Beginning with the line that contains "VA Lámpara Bombillo Rgb" and ending with the last line of the records, write out each line exactly and omit the pictures.

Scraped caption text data
◆ ◆ ◆ ◆ ◆

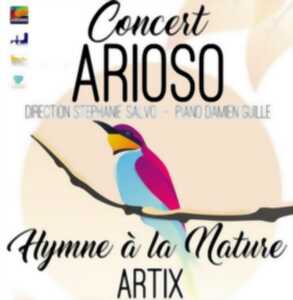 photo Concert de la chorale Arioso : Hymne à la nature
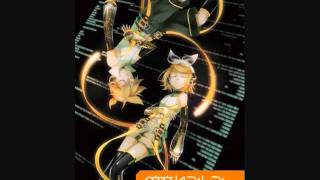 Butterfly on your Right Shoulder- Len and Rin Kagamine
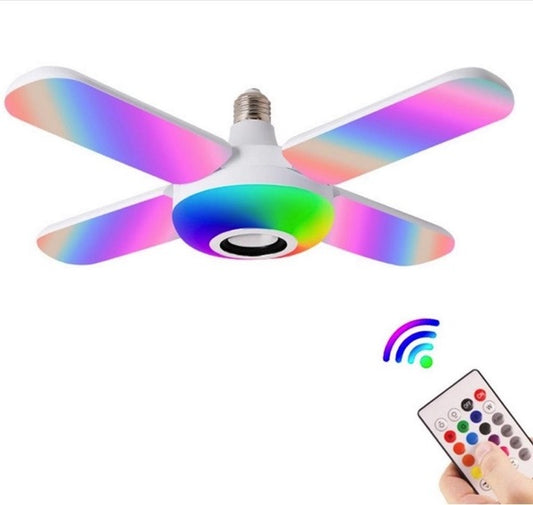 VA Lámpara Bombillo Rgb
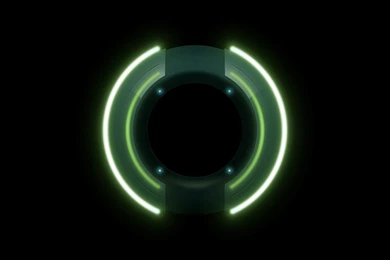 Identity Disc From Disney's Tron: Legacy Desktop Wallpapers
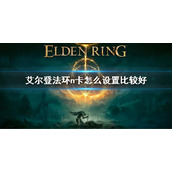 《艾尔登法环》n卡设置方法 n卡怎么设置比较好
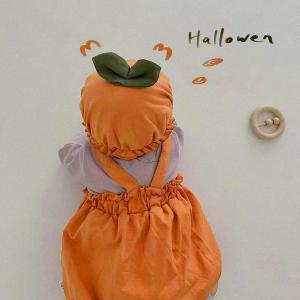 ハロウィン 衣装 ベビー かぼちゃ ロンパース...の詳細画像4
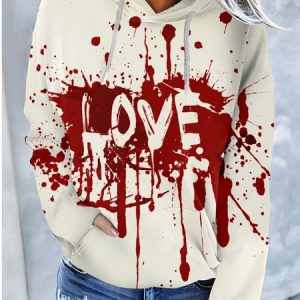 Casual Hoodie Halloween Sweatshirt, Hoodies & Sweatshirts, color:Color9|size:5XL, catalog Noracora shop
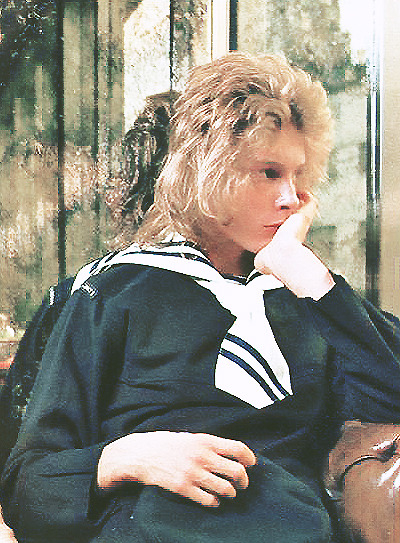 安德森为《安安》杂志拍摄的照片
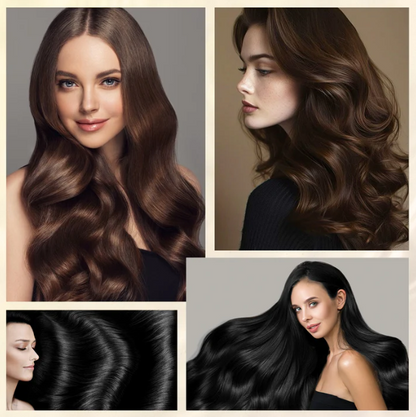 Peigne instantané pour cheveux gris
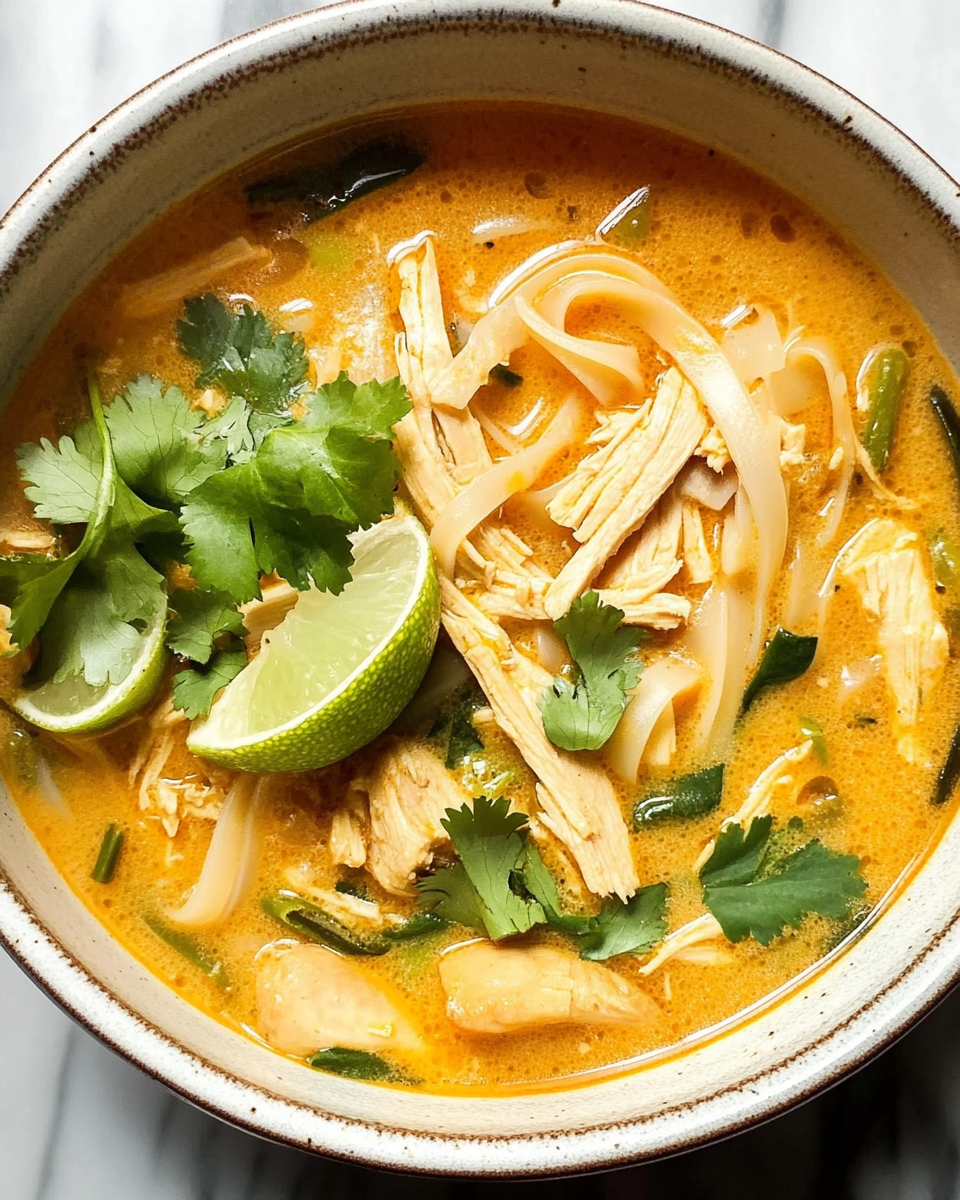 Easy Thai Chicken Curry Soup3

◆ ◆ ◆ ◆ ◆

**Solution to the exercise:**
 VA Lámpara Bombillo Rgb
 Identity Disc From Disney's Tron: Legacy Desktop Wallpapers
 《艾尔登法环》n卡设置方法 n卡怎么设置比较好
 ハロウィン 衣装 ベビー かぼちゃ ロンパース...の詳細画像4
 Casual Hoodie Halloween Sweatshirt, Hoodies & Sweatshirts, color:Color9|size:5XL, catalog Noracora shop
 安德森为《安安》杂志拍摄的照片
 Peigne instantané pour cheveux gris
 Easy Thai Chicken Curry Soup3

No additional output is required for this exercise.